Theo’s laugh now, and it’s dark. “Is that what you’re trying to do?”
“Don’t waste your breath. You have plenty of other villains to choose from. Can one of you get her to eat?”
The door closes lighter this time. Someone crawls onto the bed, wood frame sighing into my shoulder.
“Well. You wanna make out?”
“Get off the bed, Novs.”
“She’s not using it.”
“We need to get Glitch.”
“Ha! We don’t need to do anything, Theo boy! We’re already so freaking screwed that nothing we do even matters anymore!”
She starts crying. My hand folds over my mouth, and I curl into myself.
“Come on.”
Her weight eases off the bed. I hear them pause before the door.
“Eris,” Theo says, voice thick. “I love you, and Xander’s not your fault. N
one of it is. But you need to get your shit together because we need you out here.”
Get up.
They need you.
Get the hells on your feet.
There is an inch of the windowsill that slips under the bed, light reaching for me in a thin, gray box.
You need to move.
I need to move.
I watch the snow try to get in.
* * *
When it gets dark, someone comes into the room and sets a thermos down next to the bedpost. I haven’t eaten in days because the act of swallowing is ridiculous. Fill your stomach sack so you won’t die, Eris. Like I couldn’t still burn to death after a full meal.
I say, “Not hungry,” and Sona says, “Too bad.”
I start, smacking my forehead on the underside of the bed frame, but she’s already gone when I’ve rolled onto my other side.
Because I am miserable and so viciously in love with her, I eat the soup. I have the urge to stand and go show her the empty thermos. But this would require standing and going, and I have nothing better to say than I finished my dinner and I’m sorry I tried to kill you, so I stay put. This time I watch the door. Maybe she’ll come back. Maybe I’ll know what to say by then.
* * *
She doesn’t come back.
* * *
Before dawn, I take a coat and a blanket and crawl over the bed to the window. Snow brushes the mattress as I open the window and slip onto the Winterward streets. The town is the Gearbreakers’ long ally, our safe houses peppered along the rim of the lake. It’s dead quiet, electric lanterns coated with snow so the streets are lit poorly.
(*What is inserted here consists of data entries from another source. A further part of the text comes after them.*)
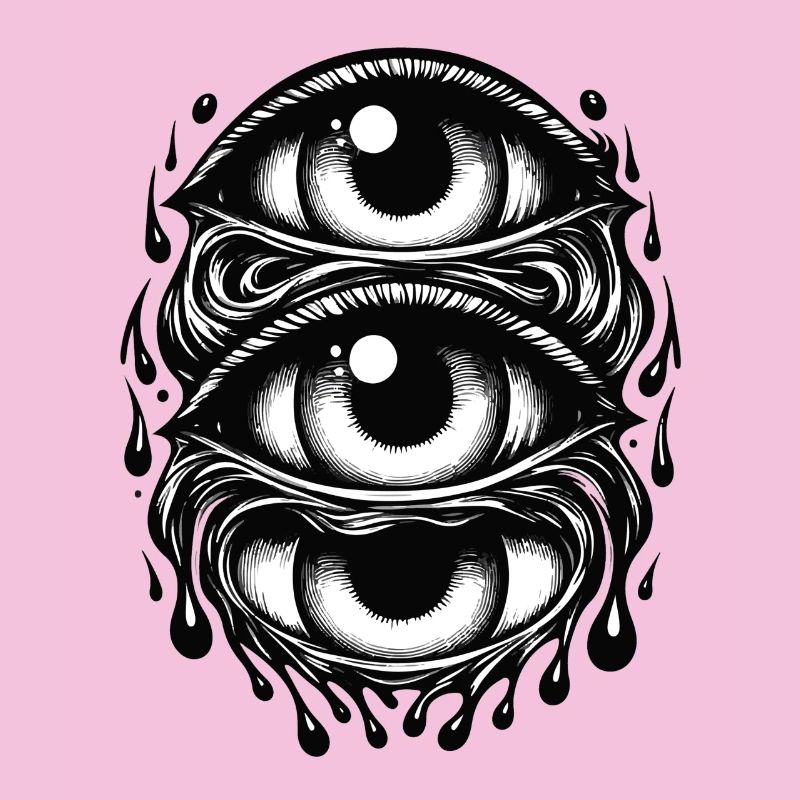 magic eye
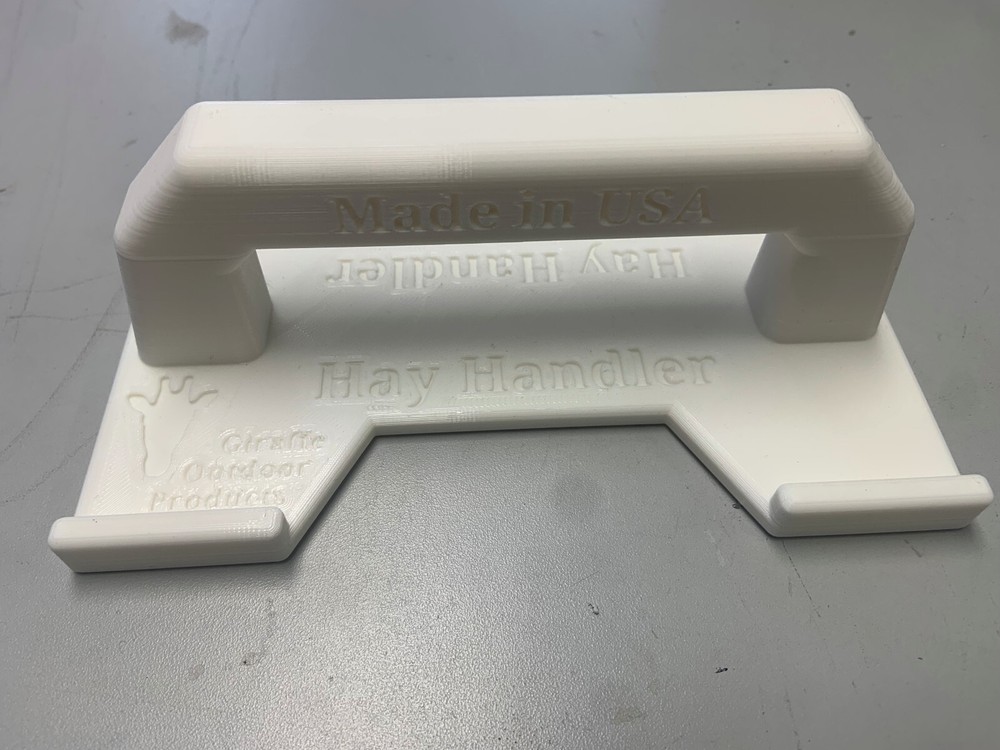 Hay Handler - USA Made Square Bale Handle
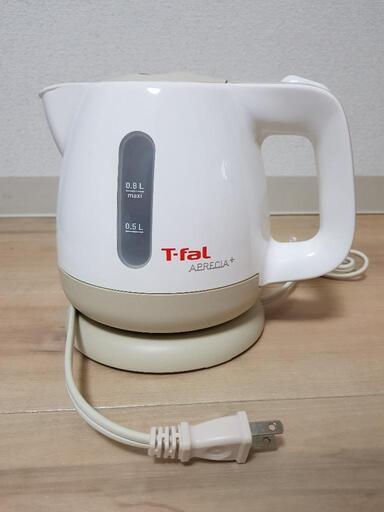 決まりました) ティファール 電気ケトル (BF805170)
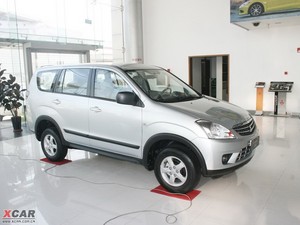 2009款2.0L 手动经典型 整体外观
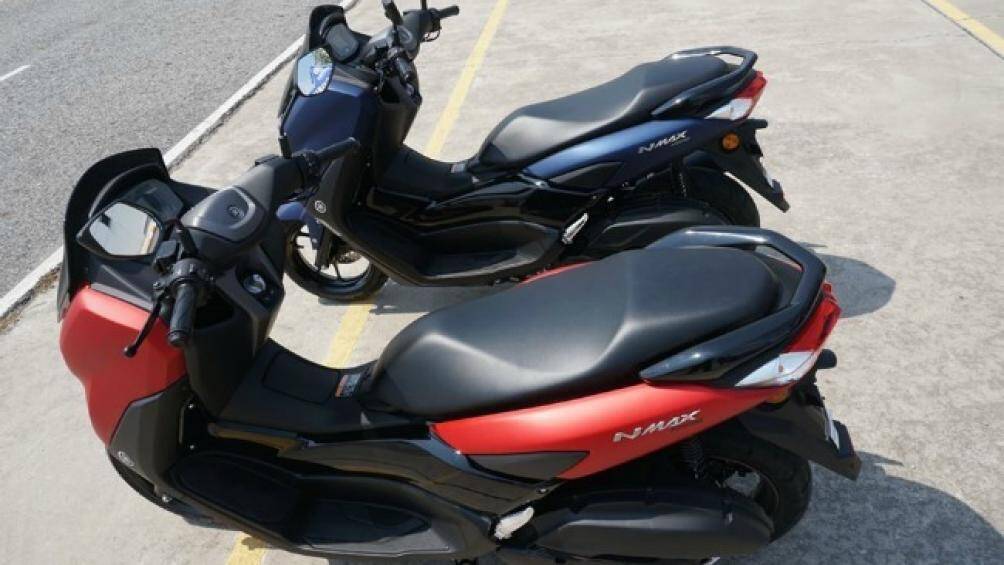 Dưới sự tác động của dịch Covid-19, thị trường xe máy gần như đóng băng với doanh số ảm đạm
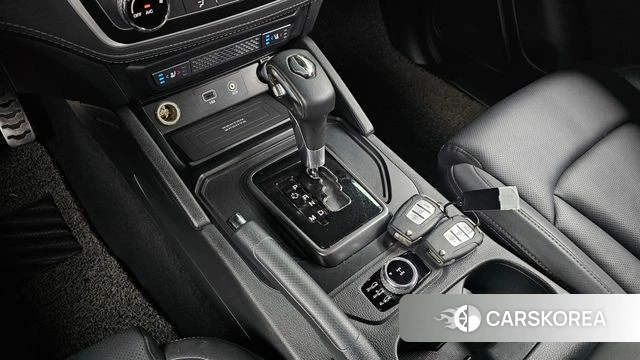 Ssangyong Rexton Sports Cannes id 4562494 из Кореи 19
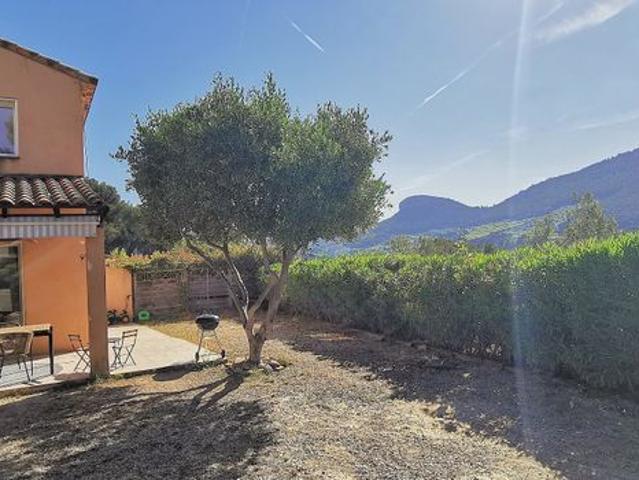 Maison vente à Marseille, Cassis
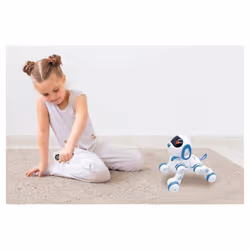 Lexibook PUP01 robot de divertissement - Vue supplémentaire 6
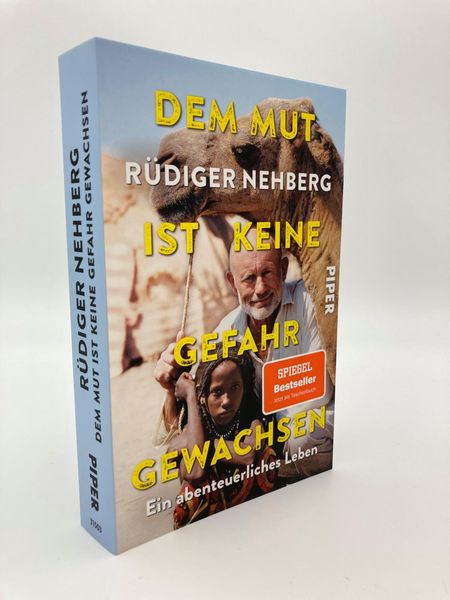 Produktbild: Dem Mut ist keine Gefahr gewachsen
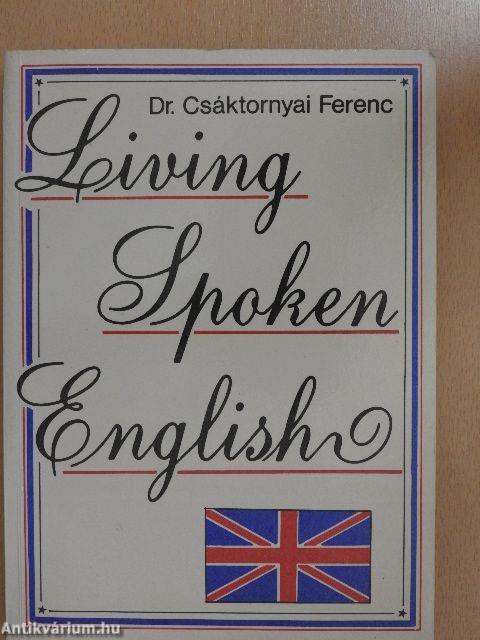 Living Spoken English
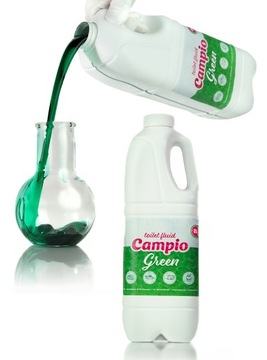 ЖИДКОСТЬ ДЛЯ ТУРИСТИЧЕСКИХ ТУАЛЕТОВ 6Л + БУМАГА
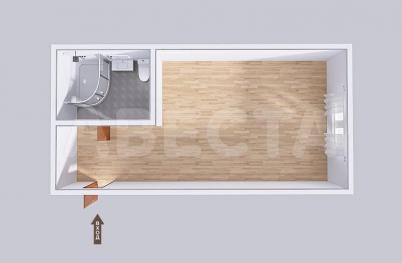 Продажа квартиры Омск. ул. 3-я Молодежная, 62/1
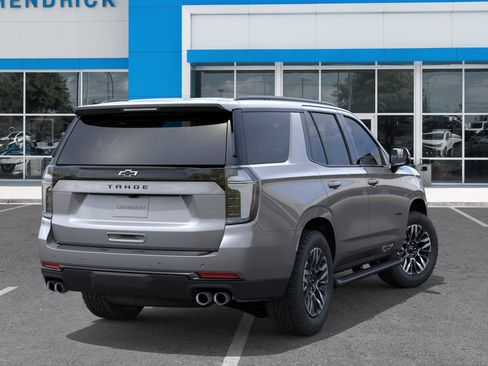 New 2026 Chevrolet Tahoe Z71 w/ Comfort Package AWD/4WD image 6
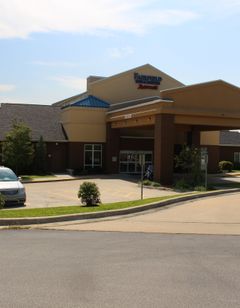 Fairfield Inn/Suites Kansas City Liberty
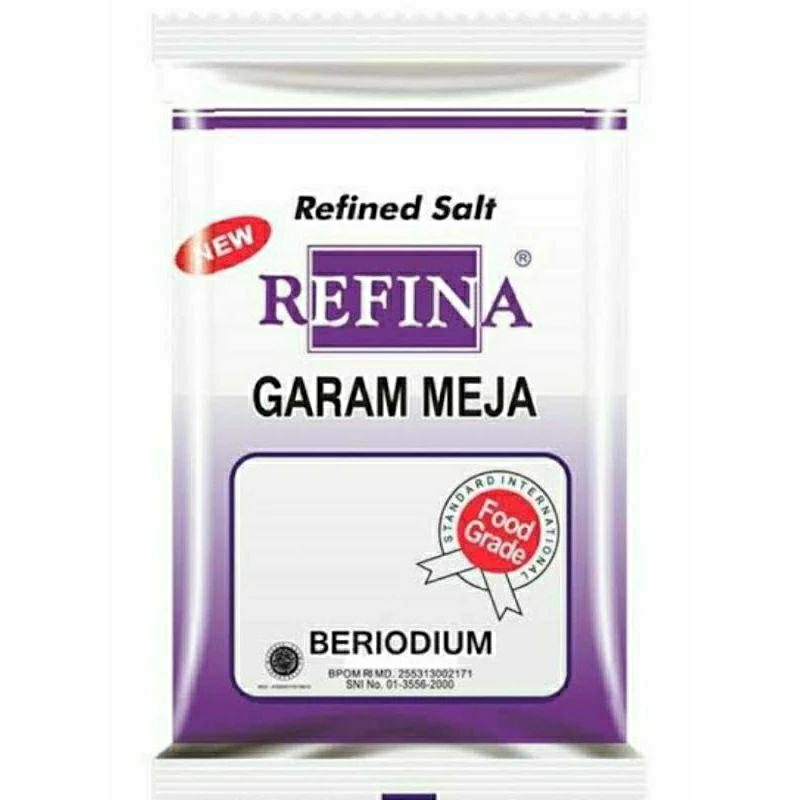 

Garam Refina 250g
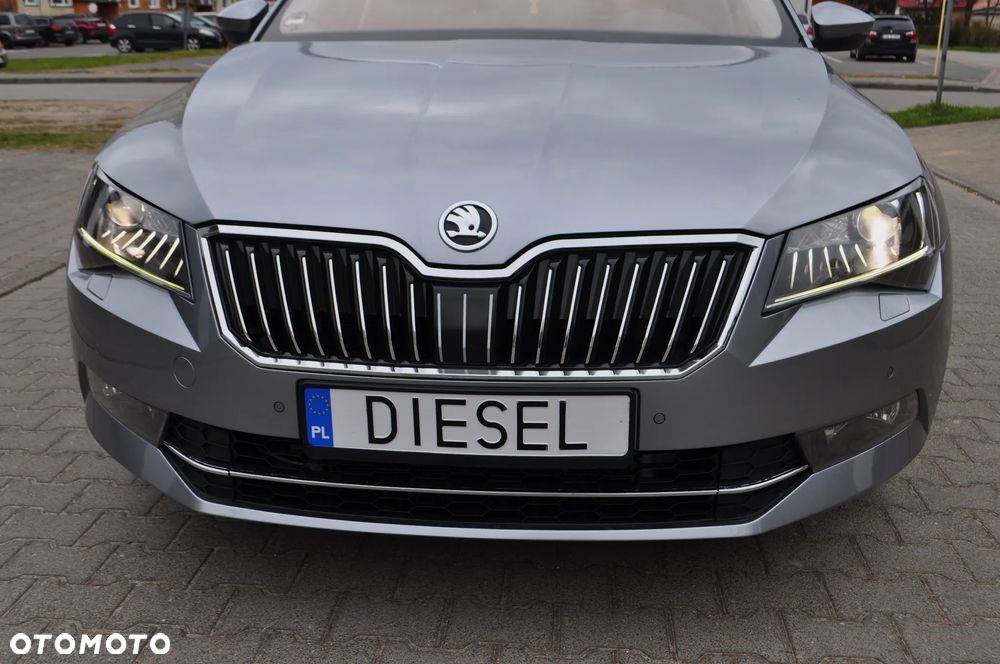 Skoda Superb - 35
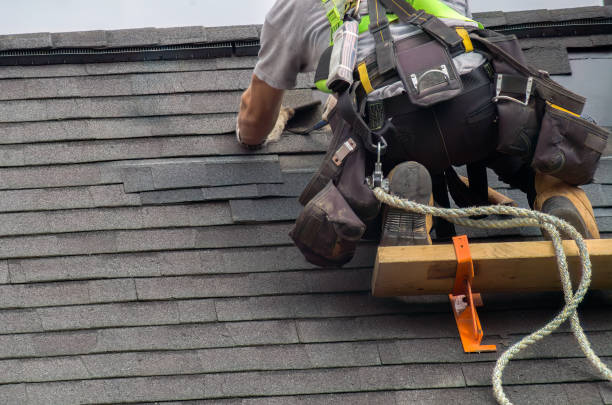Best Commercial Roofing Services  in Lakes Of The Four Seasons, IN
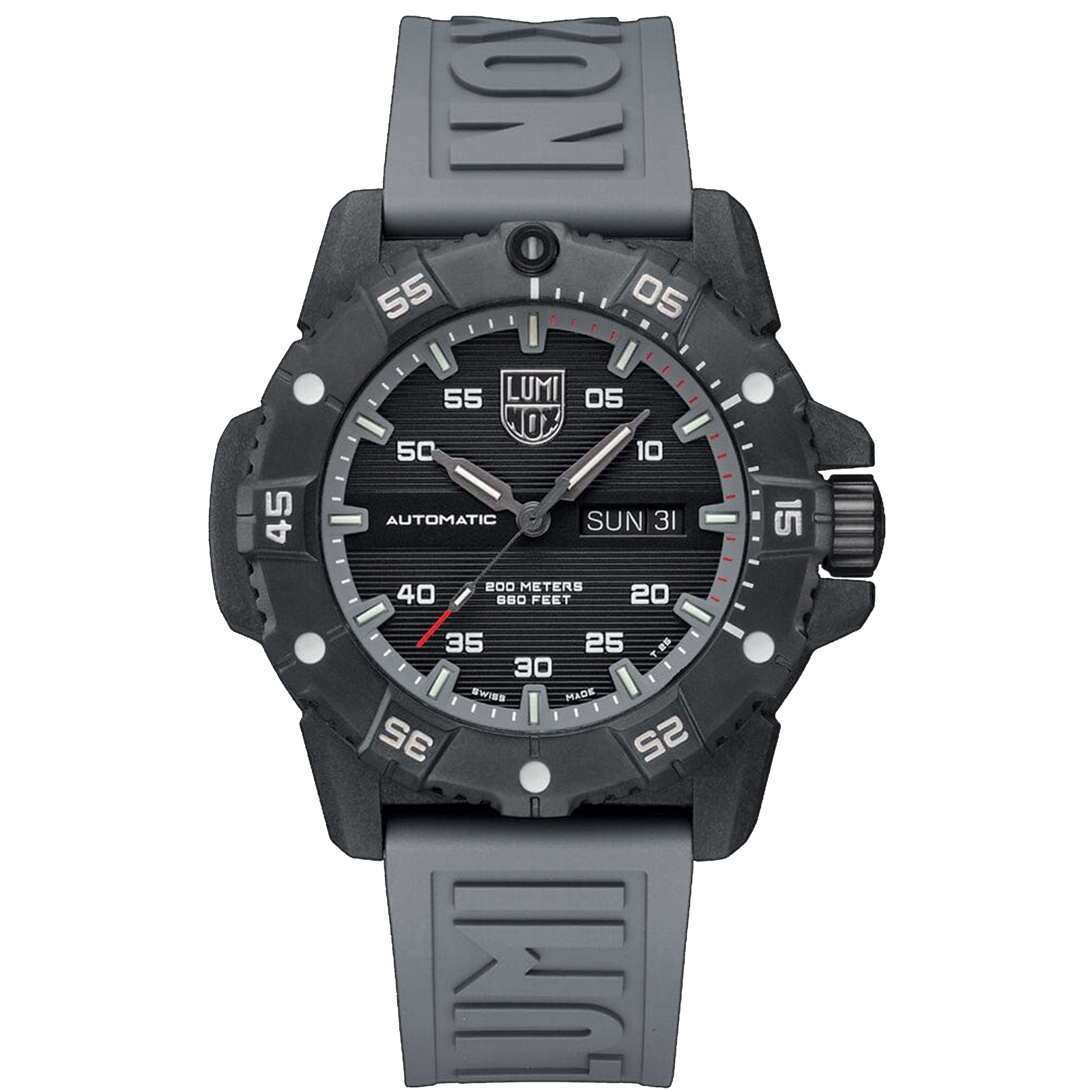 Luminox shop tritium watches
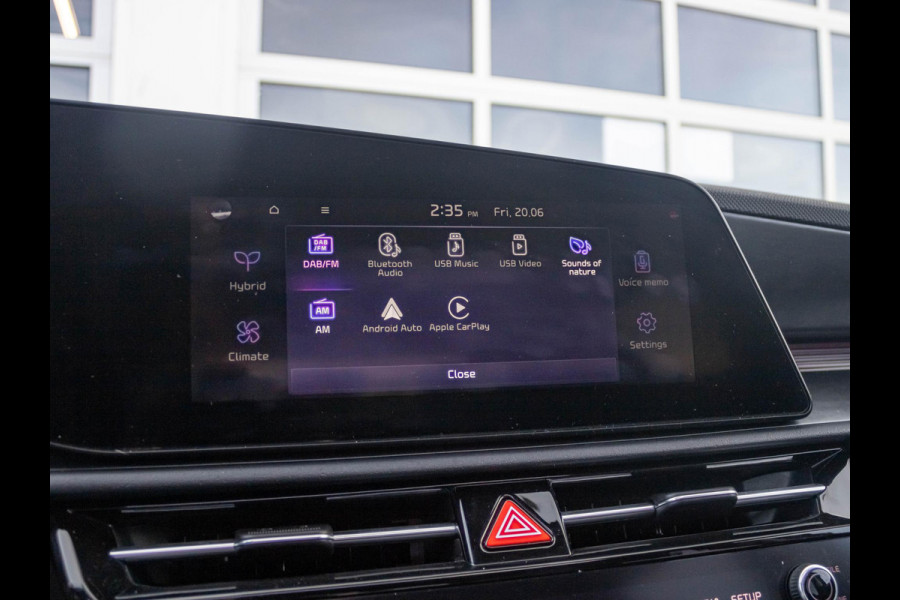 Kia Niro 1.6 GDi Hybrid DynamicPlusLine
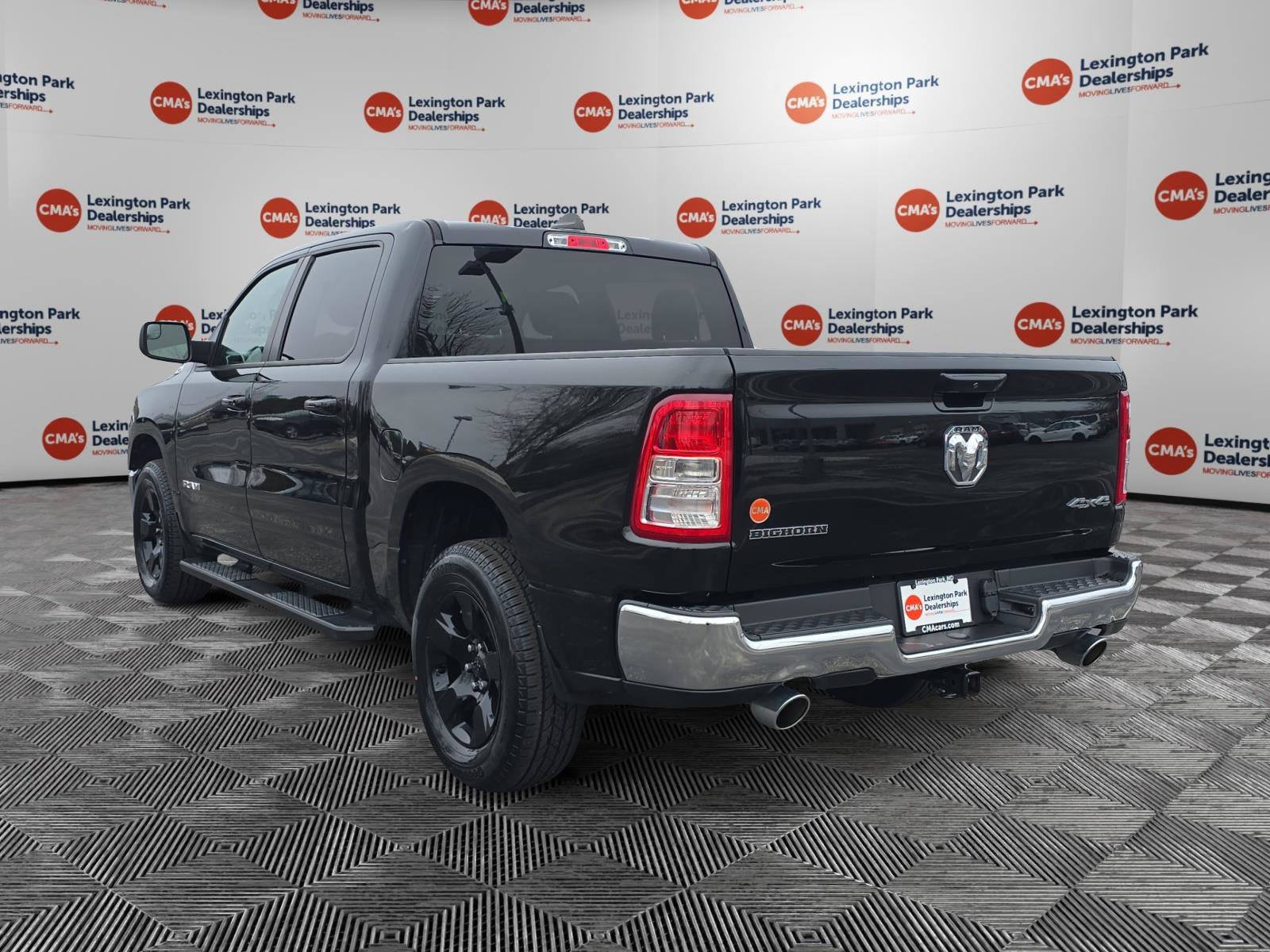Used 2022 RAM 1500 Big Horn image 5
I trace my way to the end of town, find a good, deep snowbank in the tree line, and lie down on my side. Already I can’t feel the tip of my nose, my toes, my fingers. My hair goes stiff and frozen around my ears, lashes heavy with frost, but I close my eyes anyway. Distantly, I am aware I don’t have long before I freeze to death, but I’m reaching for numbness, for sleep, and I’m too tired to think about the side effects.